## Assignment
Copy out exactly the lines spanning the line with "Used Peugeot 208" to the line with "Condominium for Rent", inclusive, from the data underneath, with no pictures.

(Beginning of Supplied data)

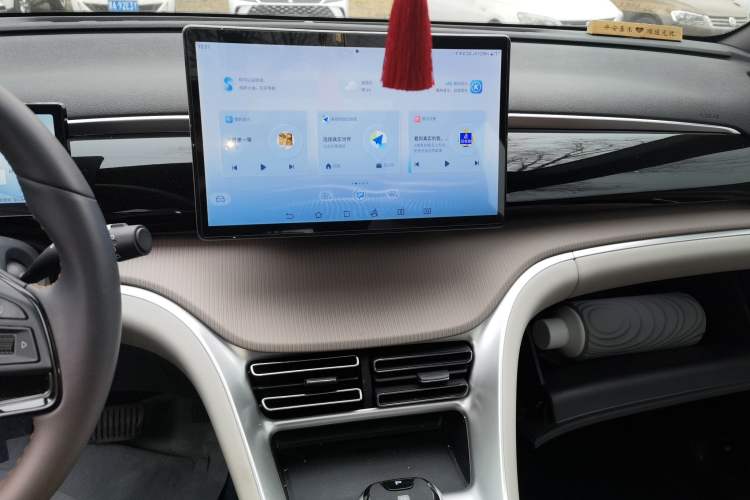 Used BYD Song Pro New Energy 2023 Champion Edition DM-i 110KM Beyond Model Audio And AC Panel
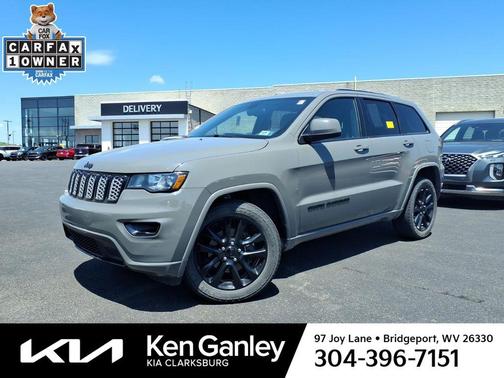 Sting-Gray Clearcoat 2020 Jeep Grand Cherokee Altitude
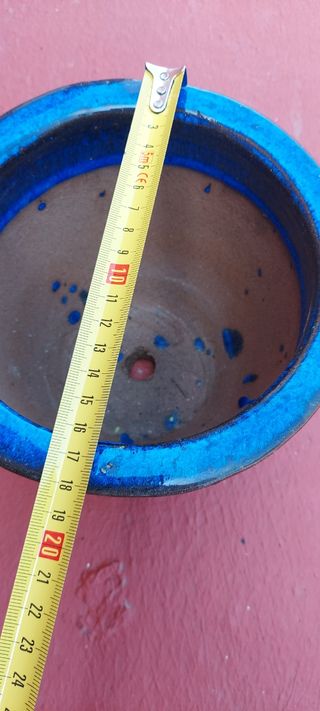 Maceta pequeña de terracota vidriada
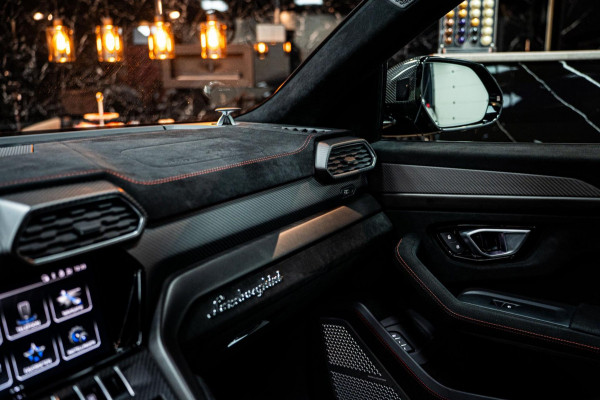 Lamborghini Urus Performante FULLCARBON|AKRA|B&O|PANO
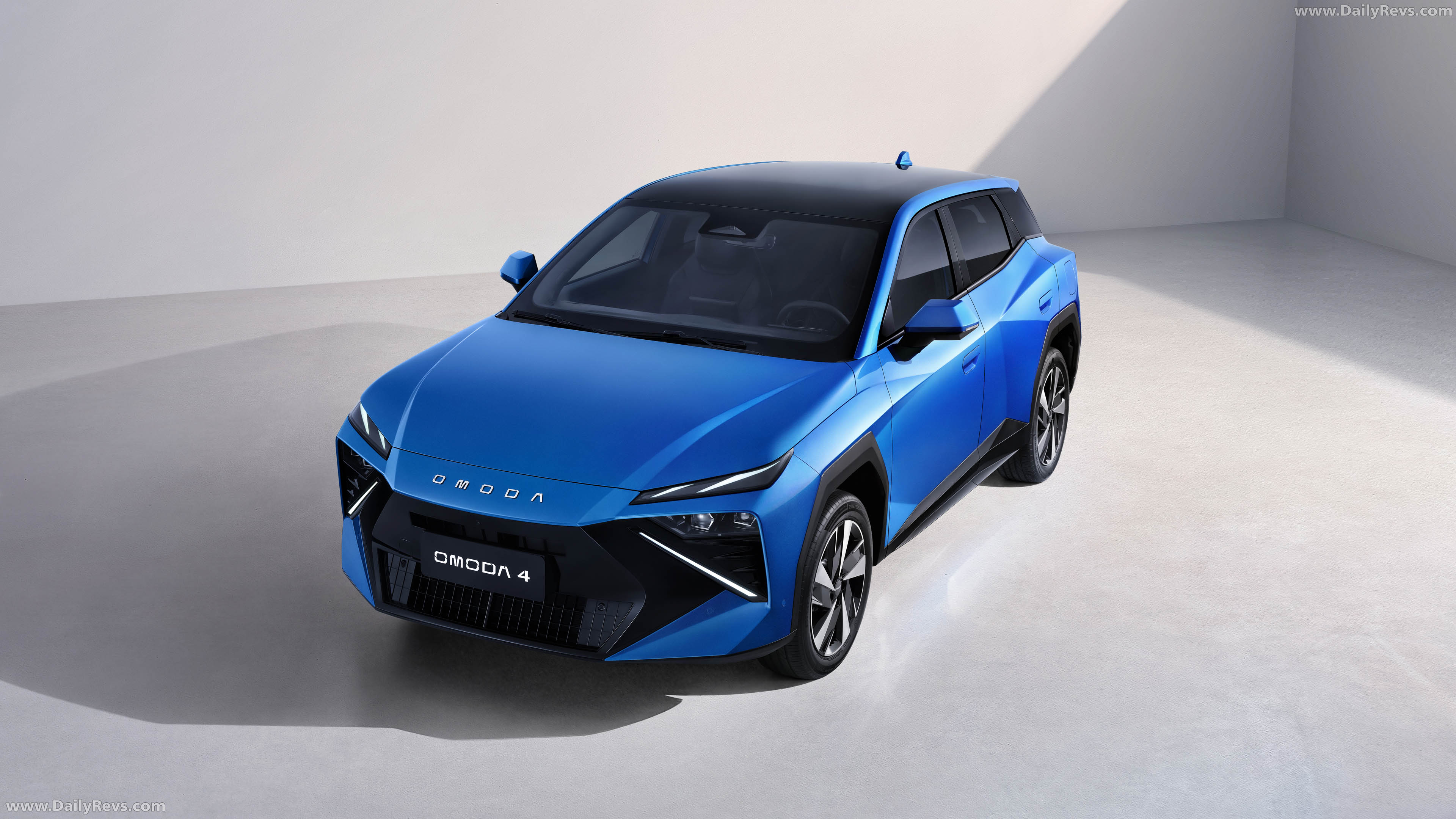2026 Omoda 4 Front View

(End of Supplied data)
(Beginning of Supplied data)

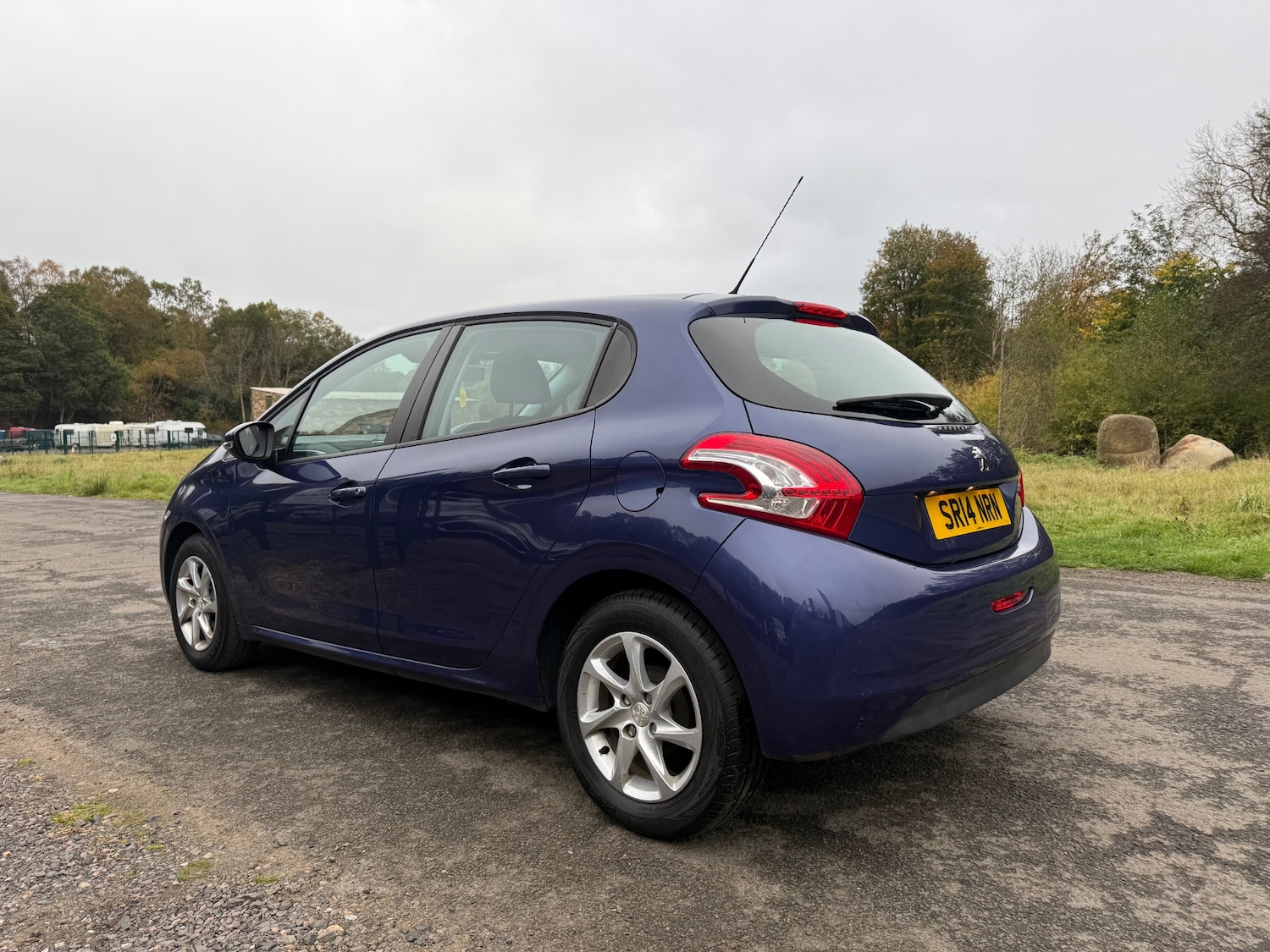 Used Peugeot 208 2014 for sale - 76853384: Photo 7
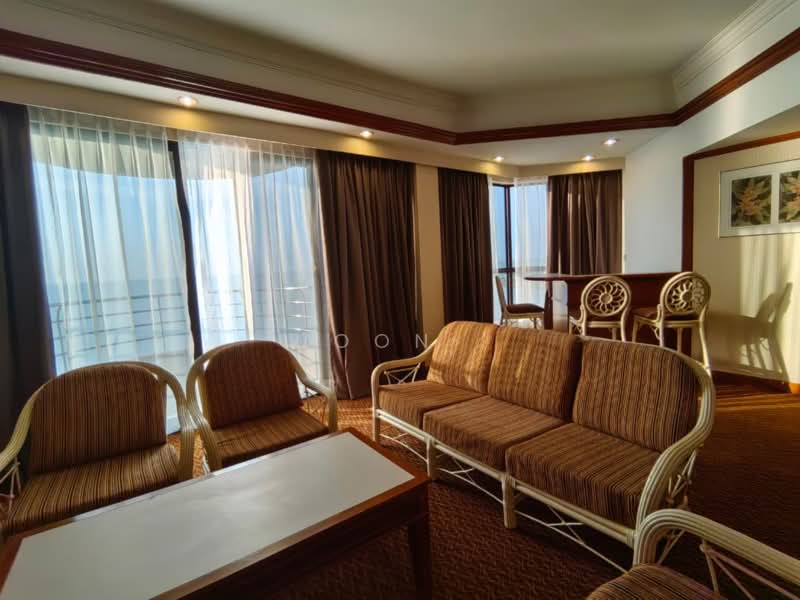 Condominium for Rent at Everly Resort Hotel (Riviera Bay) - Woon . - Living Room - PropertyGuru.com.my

(End of Supplied data)

## Answer to this exercise
 Used Peugeot 208 2014 for sale - 76853384: Photo 7
 Condominium for Rent at Everly Resort Hotel (Riviera Bay) - Woon . - Living Room - PropertyGuru.com.my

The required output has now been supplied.